Menulis menjadi bagian dari menenangkan diri. [Photo: Pexels] |
Sebagian dari cerpen-cerpen saya atau catatan terlahir
dari kisah nyata yang saya jalani di real
life. Sayangnya, kebanyakan cerita pendek yang berdasarkan dari luapan
emosi itu memang suda tidak ada lagi. Ikut hilang ketika laptop saya meledak
dan datanya nggak bisa dikembalikan lagi. Ya, sudahlah! Saya ikhlas.

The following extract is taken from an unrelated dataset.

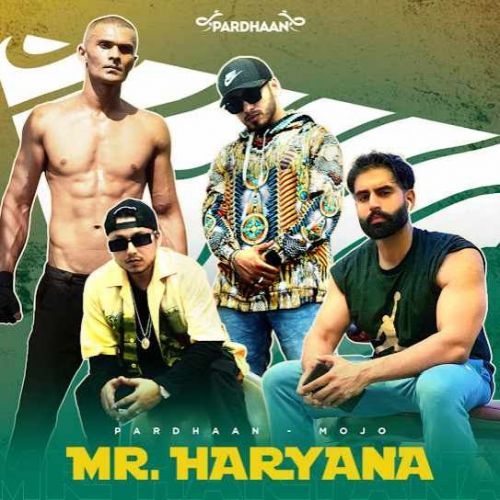 Mr. Haryana Pardhaan, Mojo mp3 song free download, Mr. Haryana Pardhaan, Mojo full album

Menulis juga membuat saya melepaskan beban yang
menyangkut di kepala. Contohnya saja ketika saya mengalami suatu peristiwa. Menulis
satu-satunya cara membebaskan pikiran yang berlalu lalang memenuhi ingatan. Kalau
bagi sebagian orang menulis untuk melawan lupa, bagi saya justru menulis untuk
melupkan.
Saya sangat merasakan manfaat menulis ini untuk
menyembuhkan diri sendiri ketika ayah saya meninggal. Waktu itu saya sedang
berada di China dan menjalani semester satu kuliah. Tentu saja, informasi
kematian adalah kejutan. Informasi berpulangnya ayah saya justru bukan saja
kejutan, tapi jarum-jarum es yang menusuk hati dan membekukan hati saya sebagai
manusia.
Setiap waktu saat air mata nggak terkontrol dan
keinginan meratap muncul, saya mengontrol diri dengan mengambil buku tulis dan
pena. Saya menulis apa yang ingin saya ungkapkan tentang keadaan. Saya tidak
peduli saat menulis air mata justru membasahi lembar-lembar buku. Terpenting saya
mengobati diri dengan menulis.
Cara ini sangat ampuh. Saya ikhlas dan bisa menerima
keadaan. Percaya bahwa takdir dan kematian adalah hak prerogatif Allah. Tidak ada
yang bisa melawan kehendak-Nya, tapi harus diambil hikmahnya.
Saat saya membaca kembali buku itu, saya bertanya-tanya
pada diri sendiri. Bagaimana saya bisa bertahan hingga saat ini. Dari seseorang
yang berjuang menenangkan hati dengan menulis, sampai seseorang yang
mendampingi orang lain untuk bertahan melalui tulisannya.
Menjaga
Kewarasan Dengan Menulis
Kalau boleh ge-er, menjadi ME itu sangat melelahkan. Kepribadian
ambivert yang akdang-kadang juga bisa
terluka. Kehidupan nyata yang tidak seindah kisah romansa novel atau dracin
bikin bucin. Semuanya hanya bisa disembuhkan dengan menulis.
Ya, menulis.
Menulis dapat menjaga kewarasan saya dari aktivitas lika
liku kehidupan yang nggak ada habis-habisnya. Karena hidup memang butuh treatment dari diri sendiri, saya
memilih menulis sebagai treatment. Bukan
sekedar produktivitas, apalagi pelarian.